The total amount of rows is equal to the total amount of nodes
in the usual case.
So now each node gets some extra characters added to it.
e.g.
Instead of using the simplest case vertically, that is no
extra characters, like here:
+
red blue
---
Now you add some extra characters horizontally to show the tree
structure it more clearly:
+
|
+--+--+
| |
red blue
---
So in this case you add 3 characters VERTICALLY.
---
If you should do this consequently for each node then each node
gets 3 extra characters.
---
So instead of a vertical side of totally node max, you have
now a total side of
( node max ) times ( 1 + ( total extra characters vertically ) )
---
A bit more general would be to multiply this with some scale factor,
in order to be able to further stretch or shrink the distance
vertically.
---
So in general, if each node gets the same amount of extra characters
assigned, then this total vertical length of the rectangle in which you
shall print the binary tree will become:
Instead of ( node max ) times 1,
you get now:
( node max ) times ( 1 + ( total extra characters vertically ) )
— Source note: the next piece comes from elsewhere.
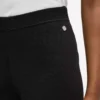 Culottes mit kontrastierenden Paspeln Culottes mit kontrastierenden Paspeln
times (some vertical scalefactor)
---
---
Suppose in the most primitive case that your 'printhead' can only move
from top to bottom and from left to right (but thus not return to an
earlier position, backwards or upwards).
---
In other words you can not randomly position your printhead.
---
Now the question, how to print the binary
tree upright, when the nodes contain strings of length between
zero, one, and more than one?
---
Now if giving this simple example:
+--+--+--+--+--+--+--+--+--+--+--+--+--+--+
| | | | | | | | | |* | | | | |
+--+--+--+--+--+--+--+--+--+--+--+--+--+--+
| | | |+ | | | | | | |b |l |u |e |
+--+--+--+--+--+--+--+--+--+--+--+--+--+--+
|r |e |d | |b |l |a |c |k | | | | | |
+--+--+--+--+--+--+--+--+--+--+--+--+--+--+
and remembering that you will print this from top
to bottom and from left to right,
thus like this:
---
First this row from left to right
+--+--+--+--+--+--+--+--+--+--+--+--+--+--+
| | | | | | | | | |* | | | | |
+--+--+--+--+--+--+--+--+--+--+--+--+--+--+
---
Then this row from left to right
+--+--+--+--+--+--+--+--+--+--+--+--+--+--+
| | | |+ | | | | | | |b |l |u |e |
+--+--+--+--+--+--+--+--+--+--+--+--+--+--+
---
Finally this row from left to right
+--+--+--+--+--+--+--+--+--+--+--+--+--+--+
|r |e |d | |b |l |a |c |k | | | | | |
+--+--+--+--+--+--+--+--+--+--+--+--+--+--+
---
The question is now how many spaces totally to print before
each string.
---
After making a drawing and looking at the total amount of
columns before each string, you can possibly make the following
observation:
---
+--+--+--+--+--+--+--+--+--+--+--+--+--+--+
| | | | | | | | | |* | | | | |
+--+--+--+--+--+--+--+--+--+--+--+--+--+--+
| | | |+ | | | | | | |b |l |u |e |
+--+--+--+--+--+--+--+--+--+--+--+--+--+--+
|r |e |d | |b |l |a |c |k | | | | | |
+--+--+--+--+--+--+--+--+--+--+--+--+--+--+
---
In the simplest case, you get the total amount of columns
BEFORE each string, by adding the total length of
all the strings before it horizontally.
---
So for example the '*' has this strings 'before' it:
+--+--+--+--+--+--+--+--+--+
| | | | | | | | | | *
+--+--+--+--+--+--+--+--+--+
| | | |+ | | | | | |
+--+--+--+--+--+--+--+--+--+
|r |e |d | |b |l |a |c |k |
+--+--+--+--+--+--+--+--+--+
<--total amount of spaces-->
---
So the total amount of spaces before the string '*'
equals
(length of string 'red') +
(length of string '+') +
(length of string 'black')
or thus
3 + 1 + 5
or thus
9
spaces totally before it.
---
and 'blue' has this strings before it:
---
+--+--+--+--+--+--+--+--+--+--+
| | | | | | | | | |* |
+--+--+--+--+--+--+--+--+--+--+
| | | |+ | | | | | | | blue
+--+--+--+--+--+--+--+--+--+--+
|r |e |d | |b |l |a |c |k | |
+--+--+--+--+--+--+--+--+--+--+
<--total amount of spaces----->
---
So the total amount of spaces before the string 'blue'
equals
(length of string 'red') +
(length of string '+') +
(length of string 'black') +
(length of string '*')
or thus
3 + 1 + 5 + 1
or thus
10
spaces totally before it.
---
---
So how to simple count this amount of spaces?
---
method 1: check the part of the array before a given string
Note:
This will be the preferred and used method here,
as the other method gives too many extra complications,
so making it less simple.
And the simplest method is were we are looking for.
---
Checking in the array before this character
if you find a non empty cell containing a string.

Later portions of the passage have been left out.